What I discovered through the interview was that Rachel herself doesn’t necessarily prescribe to the ideas contained in her books. It was her thesis project and is meant to be “descriptive” and aimed at academics, instead of convincing anyone to start worshiping dolls.
But this book isn’t meant to offer an opinion—so, here’s mine!
While the content was interesting to peruse, it brought to mind everything that makes my skin crawl about American culture and its attachment to consumerism as a way of life. I’m a very nostalgic person, don’t get me wrong, but I’m certain this alone isn’t sustainable for the future of the Jewish people.

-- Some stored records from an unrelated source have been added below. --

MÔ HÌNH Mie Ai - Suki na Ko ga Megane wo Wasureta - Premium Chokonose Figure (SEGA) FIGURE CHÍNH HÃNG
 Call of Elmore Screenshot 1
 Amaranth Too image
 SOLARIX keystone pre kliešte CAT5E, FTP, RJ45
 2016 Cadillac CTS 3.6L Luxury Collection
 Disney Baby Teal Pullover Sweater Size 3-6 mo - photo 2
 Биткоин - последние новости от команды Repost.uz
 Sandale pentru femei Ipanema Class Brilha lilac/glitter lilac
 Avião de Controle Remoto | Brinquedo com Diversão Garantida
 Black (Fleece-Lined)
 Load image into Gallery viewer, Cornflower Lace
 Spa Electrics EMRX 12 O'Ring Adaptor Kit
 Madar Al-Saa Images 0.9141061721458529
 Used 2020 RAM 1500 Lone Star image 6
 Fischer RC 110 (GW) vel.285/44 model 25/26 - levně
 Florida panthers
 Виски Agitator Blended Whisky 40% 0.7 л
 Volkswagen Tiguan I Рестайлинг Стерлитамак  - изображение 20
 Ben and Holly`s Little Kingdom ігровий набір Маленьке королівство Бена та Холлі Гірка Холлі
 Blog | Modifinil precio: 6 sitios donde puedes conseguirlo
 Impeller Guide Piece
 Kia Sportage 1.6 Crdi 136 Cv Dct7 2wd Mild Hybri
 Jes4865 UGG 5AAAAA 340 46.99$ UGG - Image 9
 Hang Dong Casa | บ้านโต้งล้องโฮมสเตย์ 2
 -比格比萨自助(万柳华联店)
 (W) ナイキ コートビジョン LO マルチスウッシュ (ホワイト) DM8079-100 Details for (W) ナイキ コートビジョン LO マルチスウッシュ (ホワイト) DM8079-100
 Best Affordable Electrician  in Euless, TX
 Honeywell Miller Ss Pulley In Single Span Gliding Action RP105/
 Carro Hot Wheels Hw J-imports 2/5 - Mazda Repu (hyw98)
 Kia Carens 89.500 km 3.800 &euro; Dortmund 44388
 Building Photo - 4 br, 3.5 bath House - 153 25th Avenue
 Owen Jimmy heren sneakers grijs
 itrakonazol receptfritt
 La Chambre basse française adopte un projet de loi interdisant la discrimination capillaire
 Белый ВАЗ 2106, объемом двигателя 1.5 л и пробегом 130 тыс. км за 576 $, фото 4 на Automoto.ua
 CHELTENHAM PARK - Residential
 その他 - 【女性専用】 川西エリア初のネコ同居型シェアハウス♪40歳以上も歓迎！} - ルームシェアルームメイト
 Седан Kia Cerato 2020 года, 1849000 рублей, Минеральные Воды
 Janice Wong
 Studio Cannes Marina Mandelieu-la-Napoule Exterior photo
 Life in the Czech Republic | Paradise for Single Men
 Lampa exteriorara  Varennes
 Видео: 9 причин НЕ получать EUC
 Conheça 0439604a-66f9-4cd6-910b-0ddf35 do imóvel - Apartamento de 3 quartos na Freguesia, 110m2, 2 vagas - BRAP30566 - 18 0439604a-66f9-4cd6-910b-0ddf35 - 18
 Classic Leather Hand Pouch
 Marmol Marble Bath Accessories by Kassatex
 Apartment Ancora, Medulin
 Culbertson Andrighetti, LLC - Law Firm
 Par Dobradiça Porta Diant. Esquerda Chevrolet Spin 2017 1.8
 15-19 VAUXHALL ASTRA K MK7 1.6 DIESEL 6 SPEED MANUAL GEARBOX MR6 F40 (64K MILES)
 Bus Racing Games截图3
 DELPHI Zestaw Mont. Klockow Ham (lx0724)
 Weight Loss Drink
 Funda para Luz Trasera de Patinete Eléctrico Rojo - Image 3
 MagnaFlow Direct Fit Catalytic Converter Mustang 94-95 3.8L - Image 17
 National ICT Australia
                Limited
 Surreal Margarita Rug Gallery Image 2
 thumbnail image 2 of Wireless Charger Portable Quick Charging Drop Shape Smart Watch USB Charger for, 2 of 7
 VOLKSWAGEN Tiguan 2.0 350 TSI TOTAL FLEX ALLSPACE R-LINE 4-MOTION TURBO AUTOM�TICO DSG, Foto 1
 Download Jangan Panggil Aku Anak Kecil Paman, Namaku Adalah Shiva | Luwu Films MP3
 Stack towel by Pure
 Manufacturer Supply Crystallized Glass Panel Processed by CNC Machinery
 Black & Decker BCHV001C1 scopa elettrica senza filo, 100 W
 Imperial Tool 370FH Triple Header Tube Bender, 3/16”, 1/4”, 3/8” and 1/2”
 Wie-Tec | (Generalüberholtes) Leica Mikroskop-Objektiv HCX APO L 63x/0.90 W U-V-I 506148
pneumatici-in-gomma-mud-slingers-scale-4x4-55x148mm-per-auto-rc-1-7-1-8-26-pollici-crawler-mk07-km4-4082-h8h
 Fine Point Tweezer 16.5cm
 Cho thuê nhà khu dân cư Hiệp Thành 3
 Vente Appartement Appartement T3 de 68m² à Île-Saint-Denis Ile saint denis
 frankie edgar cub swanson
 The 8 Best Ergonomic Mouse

In the book, she mentions how while certain topics, such as Israel, may be contentious, nostalgia offers a more neutral connection we can all agree on. Interesting take, but what does it achieve? (Also, we like to argue, remember?)
Rachel also talks about how Jewish nostalgia can be shared with those who aren’t Jewish themselves. No thank you! I once saw a non-Jewish colleague of mine post a photo of a challah she baked and it made me very uncomfortable. Then again, maybe I’m a hypocrite for liking sushi. (Note to self: continue examining biases.)
Ahem, all to say: I think if Judaism boiled down to tastes in deli meat, we’re in trouble.